Luboń


Luboń is a town situated on the Warta River, in the Poznań metro area, in the Greater Poland Voivodeship. It was previously in the Poznań Voivodeship. It has 29,301 inhabitants.

History

The oldest known mention of Luboń dates back to 1316, while Żabikowo was mentioned in 1283, and Lasek was founded in 1756. All three villages were part of the Greater Poland Province of the Polish Crown until the 1793 Second Partition of Poland, when they were annexed by Prussia. Regained by the Poles in 1807, Luboń was included in the short-lived Duchy of Warsaw, and in 1815 it was re-annexed by Prussia.
Since 1856 a railway line connecting Poznań with Wrocław ran through present-day Luboń. In 1870, a College of Agriculture was established in Żabikowo, as a Polish college, and was forced to close in 1876 as a result of Anti-Polish policies of the German authorities. From 1871 part of Germany, the Germans located new factories in Luboń and initiated German colonization after 1905 in order to change its ethnic composition.
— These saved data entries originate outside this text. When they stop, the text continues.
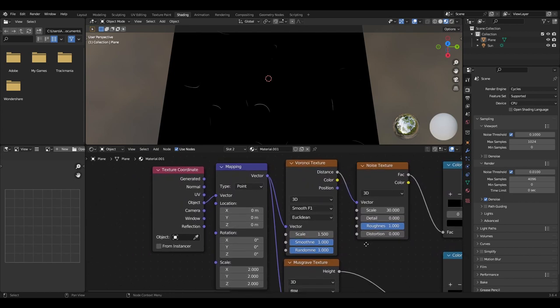The Voronoi texture should then be set to 3D, Smooth F1, Euclidean, Scale to 1.5, Smoothness at 1 and Randomness at 1.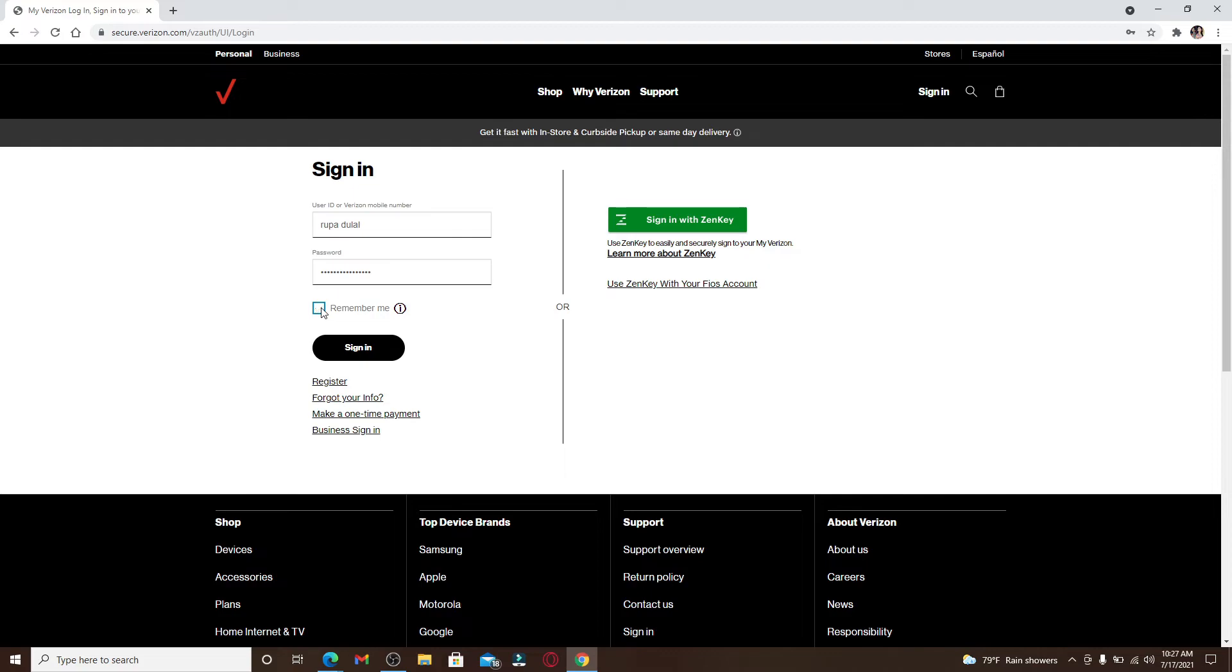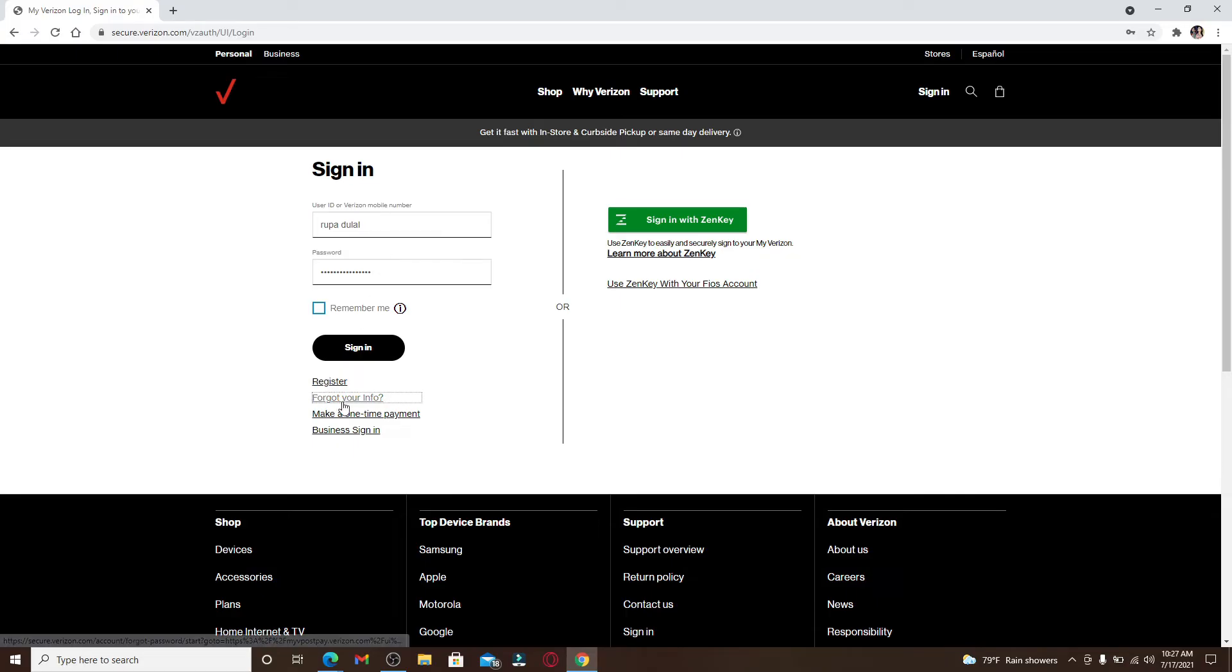In case you've forgotten your user ID or your mobile number and even your password, you can click on Forgot Your Info link right below the register link and follow the instructions so that you can reset to a new password.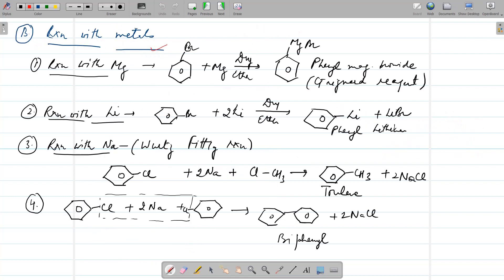Next is the reaction with metals. First, the reaction with magnesium: bromobenzene reacts with magnesium in the presence of dry ether and there is formation of phenyl magnesium bromide, which is the Grignard reagent — a very important reagent. Then the reaction with lithium: bromobenzene reacts with lithium in the presence of dry ether and there is formation of phenyl lithium. Then there is an important reaction — the Wurtz reaction — in which chlorobenzene reacts with sodium along with one haloalkane, that is chloromethane, to give formation of toluene.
After World War I Poland regained independence in 1918 and Luboń was reintegrated with Poland.
During World War II Luboń was occupied by Germany from 1939 to 1945. The Germans established a forced labour camp for Jews in Żabikowo in the north-west of Luboń. In 1943–1945 Żabikowo was also the site of a Nazi prison camp, which replaced the Fort VII camp in western Poznań, and in which over 20,000 people were imprisoned. The prisoners were mainly members of the Polish resistance movement, but also Luxembourgers, Dutch, Hungarians, Slovaks, Americans, Soviet prisoners of war and deserters from the Wehrmacht. Prisoners were subjected to inhuman living conditions, torture and executions. There is now a museum and a monument entitled Nigdy wojny by Józef Gosławski, as well other monuments to various people imprisoned and murdered in the camp.
Luboń was granted town rights in 1954 with Żabikowo and Lasek included within its town limits.